The team also included Senior Researcher Shingo Tamaru from the National Institute of Advanced Industrial Science and Technology (AIST), Japan, and Professor Masato Kotsugu from TUS. The study, a collaboration between TUS and AIST, was published in Volume 13 of the journal IEEE Access on August 07, 2025.
The developed MBN measurement system integrates a dual-layer coil jig with full electromagnetic shielding, wiring, and a custom low-noise amplifier. Designed to minimize noise while maintaining a wide bandwidth, the system enables the capture of individual MBN pulses with the highest possible fidelity. This system enabled the team to effectively visualize the relaxation behavior and precise evaluation of DWs, focusing on the microstructural features associated with energy dissipation.

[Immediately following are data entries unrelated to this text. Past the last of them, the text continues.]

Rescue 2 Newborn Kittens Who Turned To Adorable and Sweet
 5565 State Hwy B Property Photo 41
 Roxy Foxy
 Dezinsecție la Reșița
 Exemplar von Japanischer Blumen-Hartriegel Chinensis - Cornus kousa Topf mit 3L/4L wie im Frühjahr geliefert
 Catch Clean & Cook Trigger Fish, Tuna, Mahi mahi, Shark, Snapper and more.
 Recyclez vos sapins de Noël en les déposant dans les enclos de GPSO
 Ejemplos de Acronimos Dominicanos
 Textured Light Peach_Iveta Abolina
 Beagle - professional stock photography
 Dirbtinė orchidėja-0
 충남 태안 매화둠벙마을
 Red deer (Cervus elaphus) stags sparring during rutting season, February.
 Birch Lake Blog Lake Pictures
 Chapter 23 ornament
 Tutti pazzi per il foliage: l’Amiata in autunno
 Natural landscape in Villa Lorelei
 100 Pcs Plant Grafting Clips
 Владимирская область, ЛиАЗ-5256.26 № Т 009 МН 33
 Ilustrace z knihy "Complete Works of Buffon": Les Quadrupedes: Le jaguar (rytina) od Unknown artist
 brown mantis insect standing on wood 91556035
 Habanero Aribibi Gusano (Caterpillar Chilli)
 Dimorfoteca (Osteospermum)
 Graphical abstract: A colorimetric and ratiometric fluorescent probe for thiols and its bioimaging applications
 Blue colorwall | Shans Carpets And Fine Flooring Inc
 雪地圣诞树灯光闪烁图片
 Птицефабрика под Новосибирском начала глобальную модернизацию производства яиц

Using this setup, the team observed clear isolated MBN pulses, indicative of DW relaxation, in amorphous NANOMET® ribbons. These materials have exceptionally low coercivity and are well known for their soft magnetic properties. Statistical analysis of the captured pulses revealed a mean relaxation time constant of approximately 3.8 μs with a standard deviation of around 1.8 μs, much smaller than the values predicted by conventional models.
To explain this difference, they constructed a new physical model of DW relaxation. The model showed that the damping caused by eddy currents generated during DW motion is the main cause of excess eddy current loss, rather than the intrinsic magnetic viscosity of DWs themselves. This experimentally and theoretically clarifies the physical origin of excess eddy current losses, offering crucial insights for future material design.
The team further used their system to analyze heat-treated nanocrystalline NANOMET ribbons, finding a significant decline in the amplitude of MBN pulses, indicating a substantial reduction in the irregularity of the DW motion. This shows that it is possible to smoothen DW motion and therefore reduce energy loss through microstructural control. By collaborating with industries, NANOMET® could be translated into ultra-efficient components for renewable energy systems.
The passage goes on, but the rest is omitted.